Nowadays multi-wire steel ropes are widely used in engineering structures and play a critical role while carrying heavy weights in different sectors of industry. Due to environmental and operational conditions, also fatigue, multiple defects can develop in such ropes. Usually they are inspected using acoustic emission and magnetic flux techniques. However, magnetic flux method provides ability to test only relatively thin wire ropes and is very sensitive to the way in which the wire rope has been magnetised, while acoustic emission enables to inspect only short sections of the rope and requires a complicated analysis of acoustic signals. Ultrasonic Guided Waves (GW) are rather promising for detection of various structural non-homogeneities, because they may propagate long distances and are quite sensitive both to surface and internal defects. However, in the case of multi-wire ropes the key issue is whether GW will propagate only in a one particular wire, in which it was excited, or it will propagate in the whole multi-wire rope. In other words, the possibilities of inspection will depend on the character of GW propagation inside the rope which in turn is affected by the excitation method and a mechanical contact between neighbouring wires.
Therefore, the objective of this work is to investigate propagation of GW along multi-wire ropes and to find out how deep into the structure of the rope the inspection is efficient in the cases of various types of acoustic contacts between neighbouring wires and the internal core.
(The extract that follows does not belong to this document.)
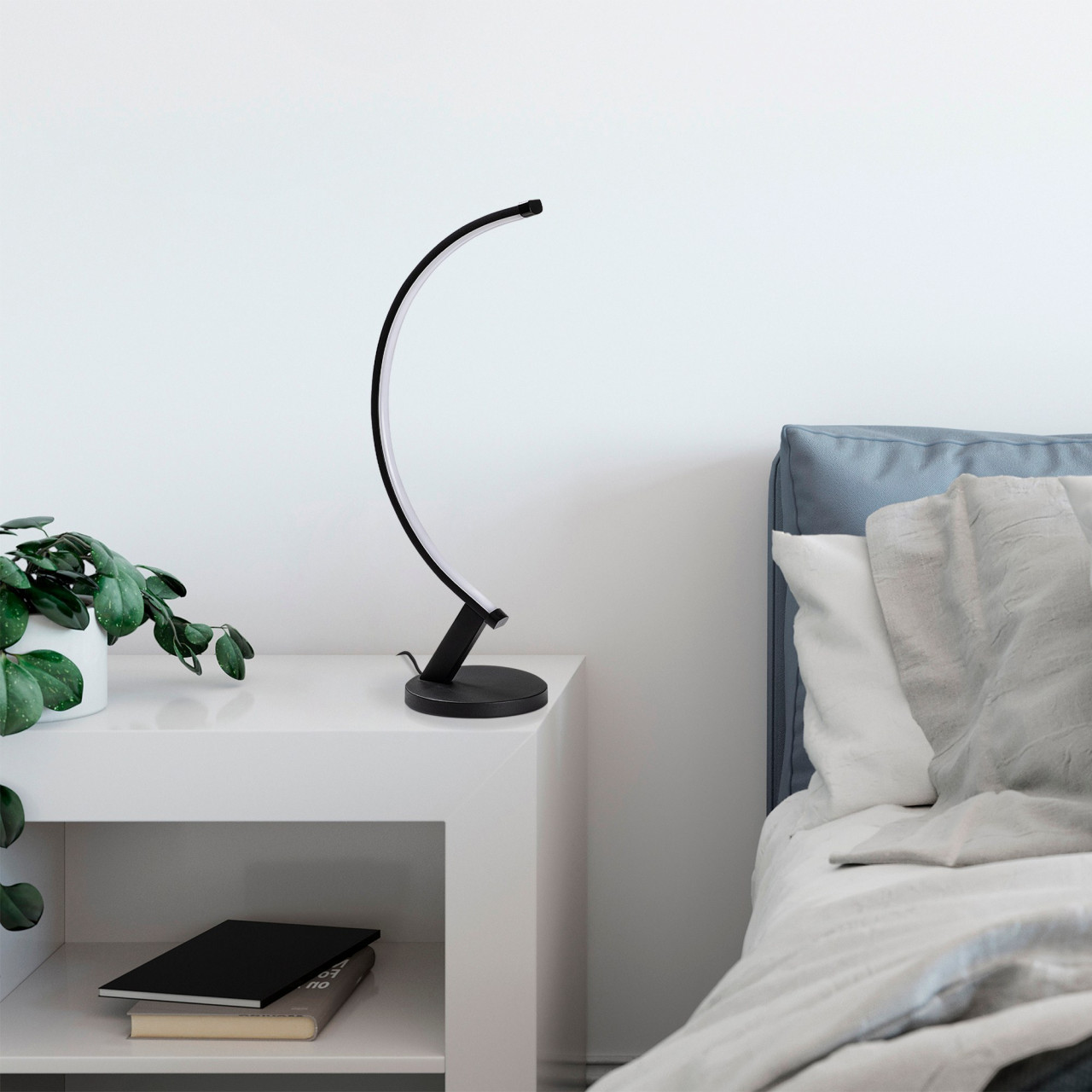 Poze Veioza Bevel - 13323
The propagating ultrasonic GW modes along the multi-wire ropes were determined by modelling using analytical and SAFE techniques. In order to investigate the effects of GW propagation, the two types of the acoustic contact between neighbouring wires were simulated using Finite Element method (FE) as well. The obtained results showed that in the case of the edge type excitation and a solid contact between the neighbouring wires, mainly the L(0,1) mode is generated. However, in the case of the solid contact the F(1,1) mode is also generated due to mode conversions at each junction between neighbouring wires. In the case of the excitation from the top, mainly the F(1,1) mode is generated for the both types of the contact: slip and solid. The key question for development of the inspection technique was estimation of the actual boundary conditions between neighbouring wires (solid or slip) and the real depth of penetration of GW into the internal structure of the rope. Therefore, in order to verify the results of FE modelling, the multi-wire rope possessing the overall diameter of 35 mm, made of six steel strands and with an internal polymer core, has been investigated experimentally. It was obtained that the best results of crack type defects detection are obtained when measurements of GW are performed on the same strand as excitation. For this reason a special testing technique using a pair of the contact-type transducers with a fixed measurement distance, the length of which is equal to full rotation of a single strand in the rope, was proposed.